Companies may be getting better at succession planning and grooming future CFOs, which, among other things, helps when an executive’s departure is abrupt (as occurred at AIG this week). But boards of directors may also want their top executives to be productive immediately. If hired from outside the industry, a CFO can take longer to learn the business in addition to having to master organizational quirks and culture.
Another possible factor: the job market is tight, and it can be easier (and more cost-effective) to find a good candidate internally. Historically, though, there isn’t a tight correlation between a low unemployment rate and fewer external CFO hires.
Of sitting CFOs in 2022 that were hired as external candidates, 23% were a CFO at their previous company and 2% were a divisional CFO.
Internal promotions to CFO most often (18% of the time) came from people holding the title of VP, SVP, or EVP of finance, or some kind of FP&A leadership title. About 13% were previously controllers or chief accounting officers, and about 8% were treasurers, levels in line with past years.
Some CFOs get a reputation for job hopping, which is not recommended. But even averaged out, the tenures of CFOs can seem short. In 2022, the average job tenure of CFOs for the companies tracked by Crist Kolder was 4.9 years, up only tenths of a percentage point.
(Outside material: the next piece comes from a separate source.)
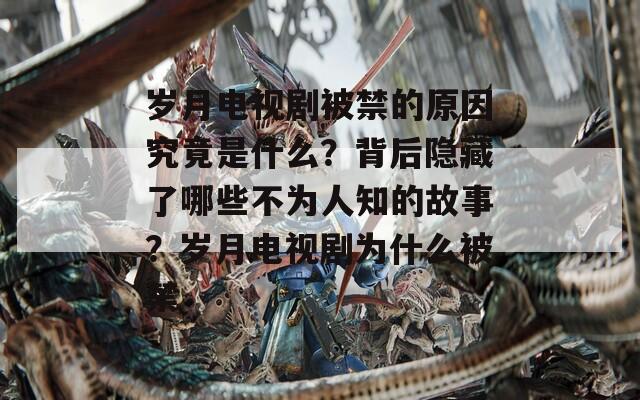 岁月电视剧被禁的原因究竟是什么？背后隐藏了哪些不为人知的故事？岁月电视剧为什么被禁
Because CFO moves are so high profile now — generating stories from many media outlets when they occur — it may seem like finance chiefs are constantly playing musical chairs. But employees of U.S. companies actually have shorter tenures. At the median, according to data from the Bureau of Labor Statistics, U.S. male employee tenure measured in January 2022 was 4.3 years; for women, it was 3.8 years.
Services and consumer sector CFOs had the shortest stays on average in 2022 — a little more than four years, while CFOs in financial services had tenures of 5.7 years on average. (See chart, above.)